The original “Motor City”, better known as Detroit, started as a fort in the middle of the wilderness. Detroit was founded by a French settler with the name of Antoine Laumet de Lamothe Cadillac, and the fort was named for the rivers. The word “Detroit” is actually French for the word “strait”, accurately named after the rivers of the city itself. Although the city was originally founded in 1701, in 1760 the British took over the fort in a victory, under siege by the Ottawa Indian Chief Pontiac. However, by 1796, Detroit was under U.S. control. Although the city of Detroit started out rich in industry, it has recently declined and filed bankruptcy as of 2013.
The Rise of Detroit
By 1890, Detroit had a population of over 205,000 individuals, and by 1920, more than 1 million people populated the city of Detroit. Between 1910 and 1950, the city was reborn and built to last, with millions entering and building up the area. In 1950 alone, the population peaked at more than 1.8 million citizens. 200,000 people out of the 1.8 million living in Detroit were working in the manufacturing industry at the time, about 1 in every 10 individuals.

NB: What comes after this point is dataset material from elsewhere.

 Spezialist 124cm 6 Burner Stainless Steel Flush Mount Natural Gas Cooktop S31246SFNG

However, due to the recent economy and rise in crime, the population in Detroit as of 2013 is roughly 714,000 altogether. Overall, the population has decreased in Detroit more than 25% in just the last 10 years alone. Unfortunately, Detroit was never able to create a trolley, subway or even an extensive bus system, even with its rising population, which may have ultimately lead to its downfall.

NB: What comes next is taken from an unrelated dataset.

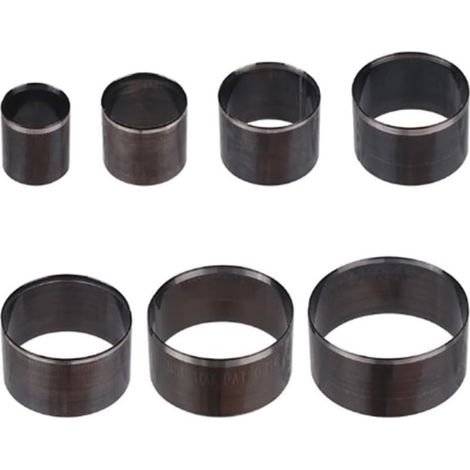 Lot de 7 matrices de découpe rondes en acier rapide pour cuir, tissu, papier et carton, tailles 20 mm à 50 mm (1/5)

Currently in Detroit, many homes are valued less than most vehicles on the street. According to recent statistics, homes that are currently available in Detroit to purchase have a property value of approximately $21,000, with a rapid 5.2% change in the housing values of the city in the past year alone. In addition to the falling house values of the city, Detroit also has an unemployment rate of 9.9%, leaving many families helpless and without the ability to pay for housing and other necessities of everyday life.